Admitting that you haven’t done something is usually no one else’s fault but your own. In fact, most people have so many things on their “to do” list that even Hollywood made a movie based on the premise that a “bucket list” is the only solution.
It’s a lighthearted look at dealing with a serious problem, but as actors Jack Nicholson and Morgan Freeman made very clear in their 2007 “The Bucket List” movie, making a list of things to do before it’s too late is the only way to get things done.
“The Bucket List” was a comical way of looking at what have since become accepted words in conversation, because the reality is, they have prompted people to think out loud about what they are determined to do sooner, than never.
For example: learning to drive a standard-transmission vehicle (most people don’t know how); change a tire (most people don’t know where the spare is): tow and back up a trailer; ride a motorcycle; hit a golf ball more than 200 yards; climb a mountain, or conversely, go underground.

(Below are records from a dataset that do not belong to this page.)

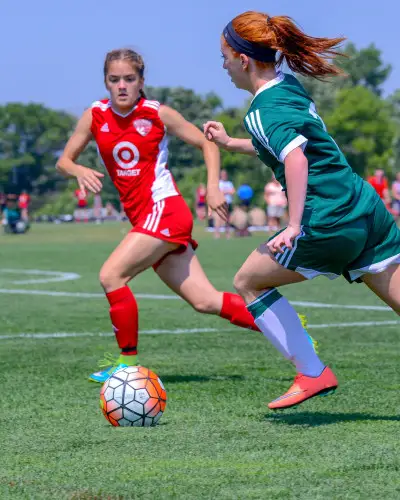 Two Girls Playing Soccer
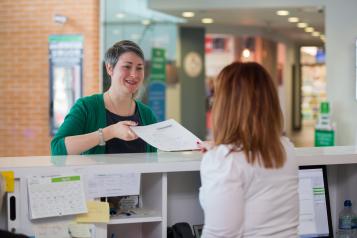 woman handing form to receptionist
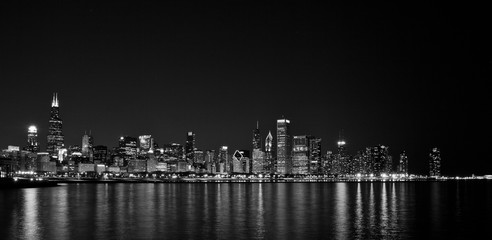 Long-exposure photo of downtown Chicago at night. The light of the stars can be see in the clear sky above, and the reflection of the city lights is in the lake in the foreground.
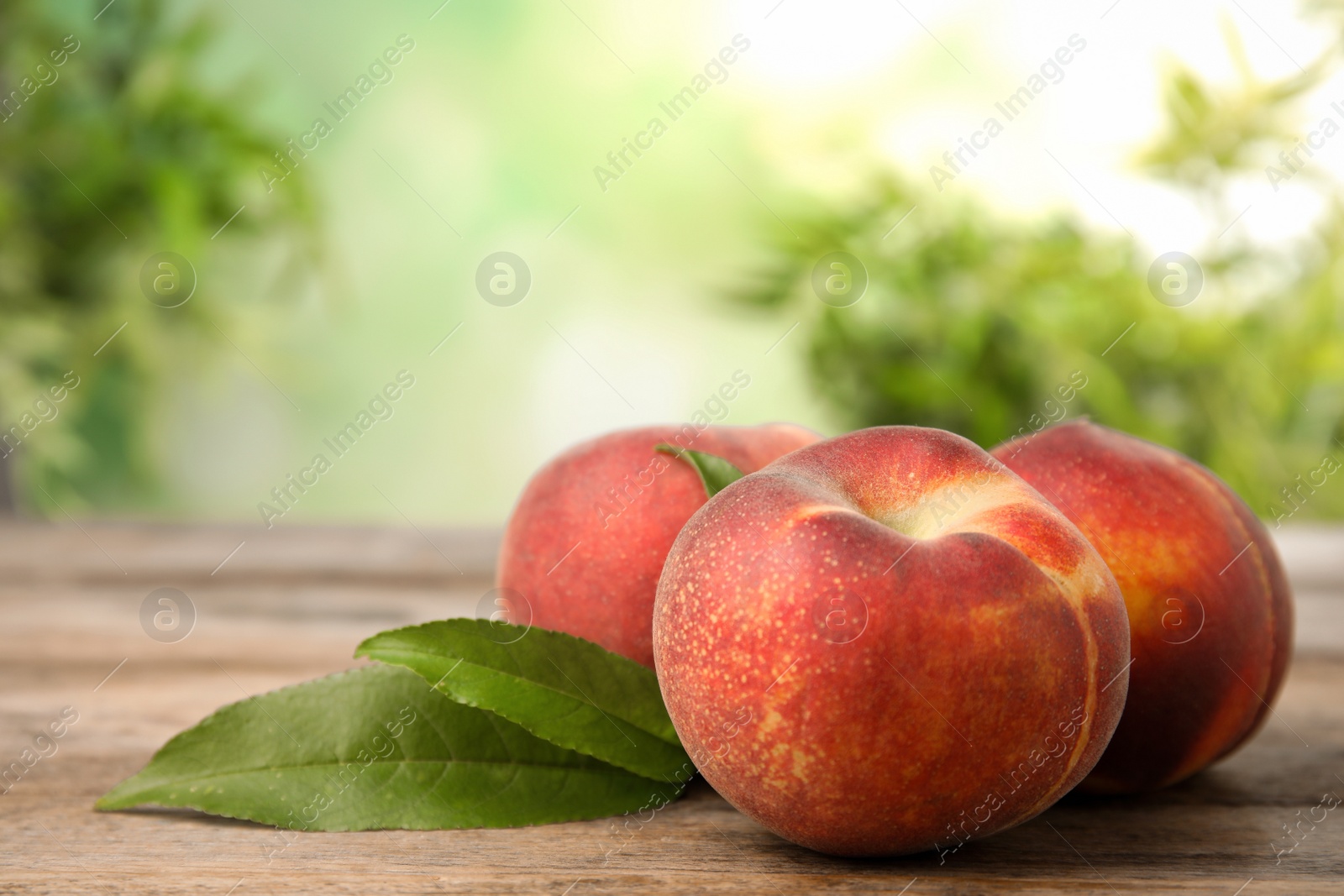 Photo of Fresh peaches and leaves on wooden table against green blurred background, space for text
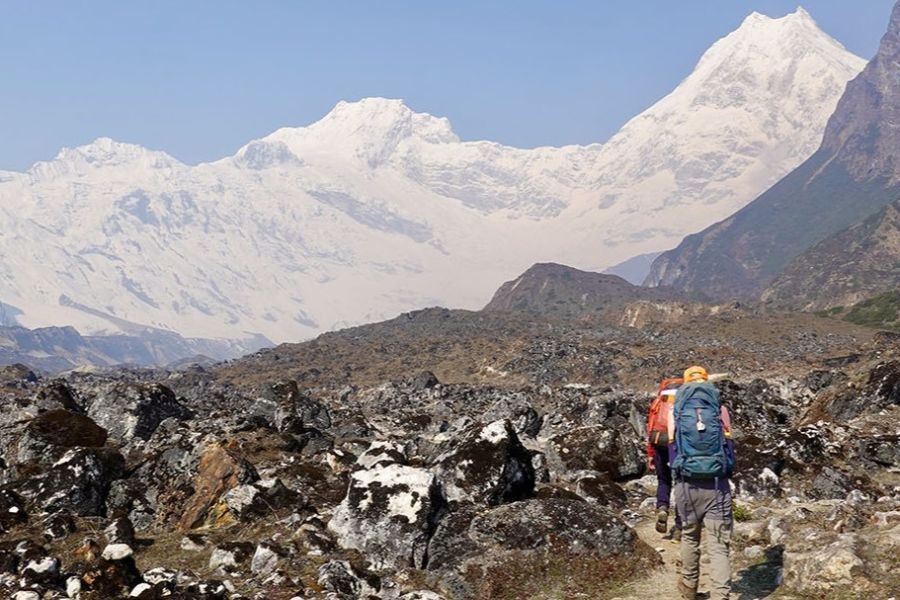 Trekkers hiking through rocky moraine terrain with snow-capped Himalayan peaks in background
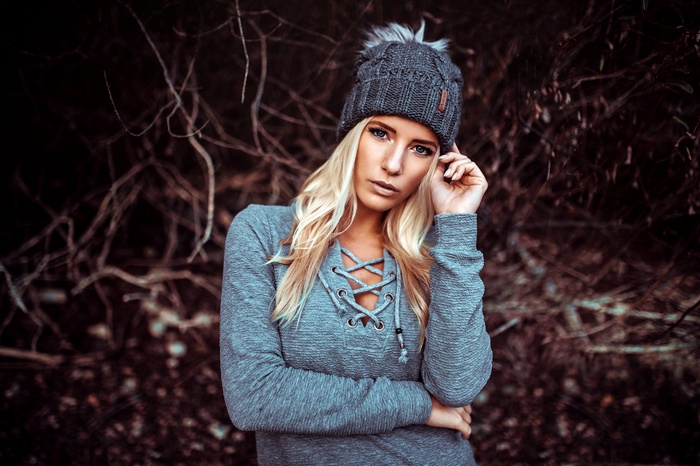 Woman in gray beanie and sweater outdoors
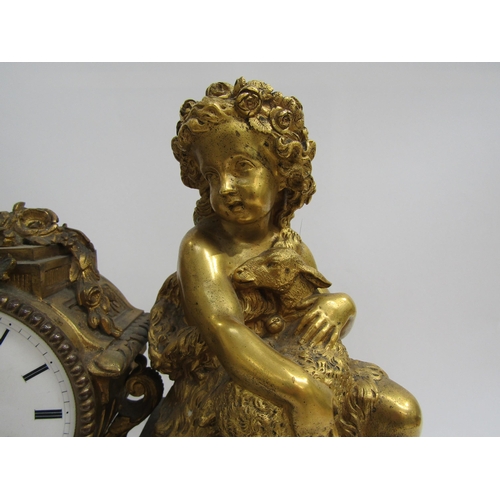 8070 - A French ornate gilt metal clock with cherub holding lamb on plinth base, enamel Roman numeral dial,... 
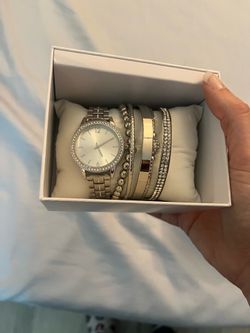 Silver watch and bracelets with decorative box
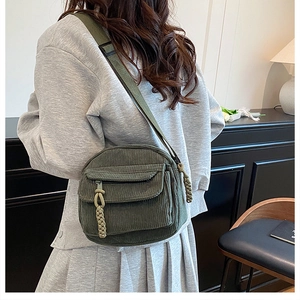 Detail view of a dark green corduroy crossbody bag with woven zipper pull and nylon strap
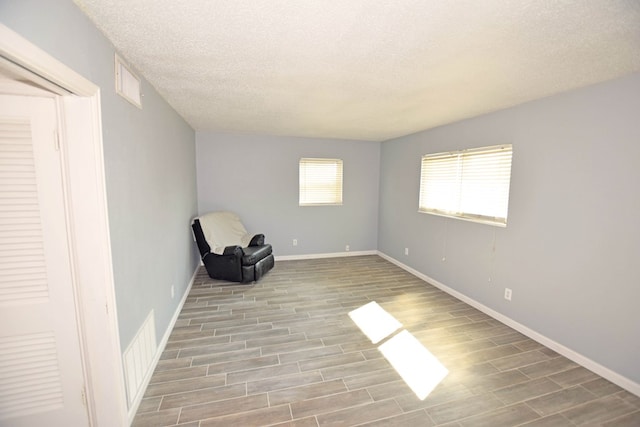 unfurnished room featuring a textured ceiling and light hardwood / wood-style flooring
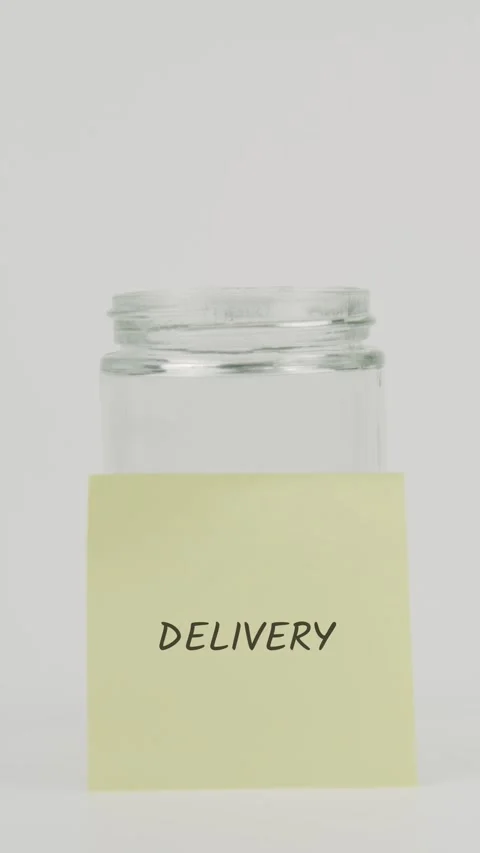 Delivery text or word on yellow sticky note attached to glass jar with hand Stock Footage 311712138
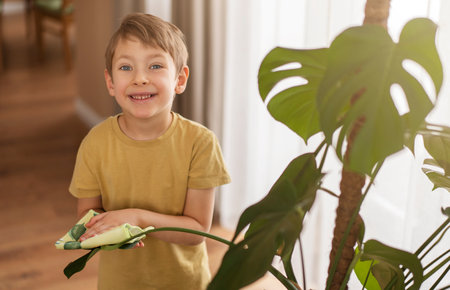 A little boy helps with cleaning around the house and taking care of the plants. Spring cleaning concept.の写真素材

I could go on, but it’s the last item that I want to talk about.
What about going underground? I know that’s a little disjointed from the items I just mentioned above, but I recently overheard a senior mine executive tell a group of his peers at a cocktail reception that he has added “going down into a mine” to his bucket list.
As you can imagine, I was quite surprised to hear such an admission (of never having gone underground, considering his position); but then again, I guess I shouldn’t have been that surprised, because I’m sure there are plenty of others in his position that haven’t seen or smelled the dark and damp side of their own mines either.

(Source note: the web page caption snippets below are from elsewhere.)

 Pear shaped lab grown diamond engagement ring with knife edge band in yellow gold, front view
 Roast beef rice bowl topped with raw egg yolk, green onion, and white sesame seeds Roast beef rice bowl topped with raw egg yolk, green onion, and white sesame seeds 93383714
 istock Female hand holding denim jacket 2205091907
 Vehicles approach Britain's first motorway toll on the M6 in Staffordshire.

And why should they? They have “people” to do that! Right?
And that’s a problem, because it’s those “people” who are the very reason each and every mine executive should add “underground” to their “bucket list.” Granted, many may be too old and fragile to go down a few thousand feet in a high-speed elevator or even a bucket, but it may be now or never, as the situations in “The Bucket List” movie cleverly portrayed.
Showing interest and support by head office is worth almost as much to field personnel as a safe work environment, or even a paycheque at the end of the shift. In fact, I’ve overheard miners say so (in as many words) after the “suit” has cleaned up and left the “visitor” overalls behind.

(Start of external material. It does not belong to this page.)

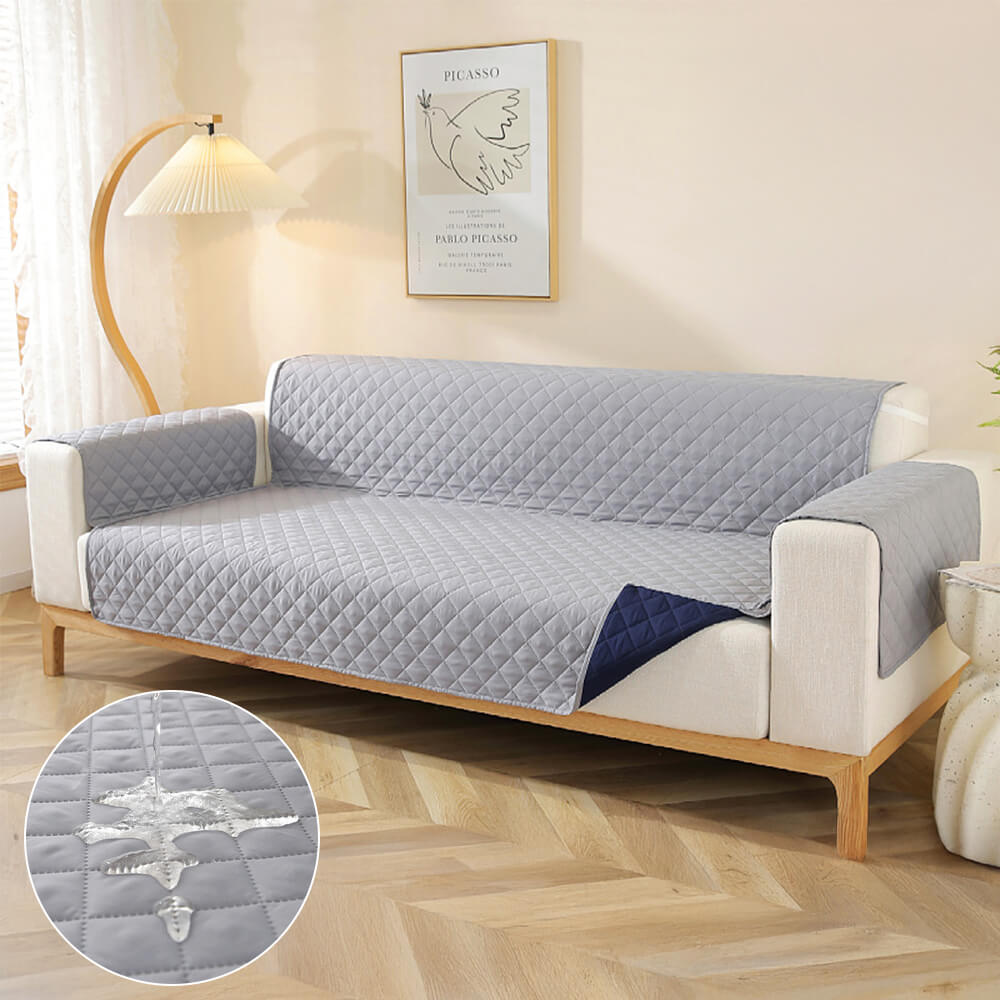 Overhead view of water-resistant couch cover with diamond stitching on beige 3-seater sofa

“What a cool person” is probably the best endorsement any executive can get and I think it’s every manager’s responsibility to portray that image. I know that it’s often difficult to break away from the office and become a “buddy” to the employees at the mine, but it’s certainly something that should happen more often than it is in many cases now.
As Corporate Social Responsibility becomes an increasingly important ingredient in making a successful mining operation, regardless of where it is in the world, I think CSR should start at home first, whereby each and every mining executive should focus on their “people” at the top of the pail because an overflowing bucket is such a waste!